▸ **Work order**: The full listing below must be printed exactly, word for word.
==== Given material
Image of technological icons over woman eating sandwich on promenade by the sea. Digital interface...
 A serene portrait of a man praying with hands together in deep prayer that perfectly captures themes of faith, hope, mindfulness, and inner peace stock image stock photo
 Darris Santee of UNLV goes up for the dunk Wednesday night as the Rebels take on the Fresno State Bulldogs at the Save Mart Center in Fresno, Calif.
========
▸ **Task output**:
Image of technological icons over woman eating sandwich on promenade by the sea. Digital interface...
 A serene portrait of a man praying with hands together in deep prayer that perfectly captures themes of faith, hope, mindfulness, and inner peace stock image stock photo
 Darris Santee of UNLV goes up for the dunk Wednesday night as the Rebels take on the Fresno State Bulldogs at the Save Mart Center in Fresno, Calif.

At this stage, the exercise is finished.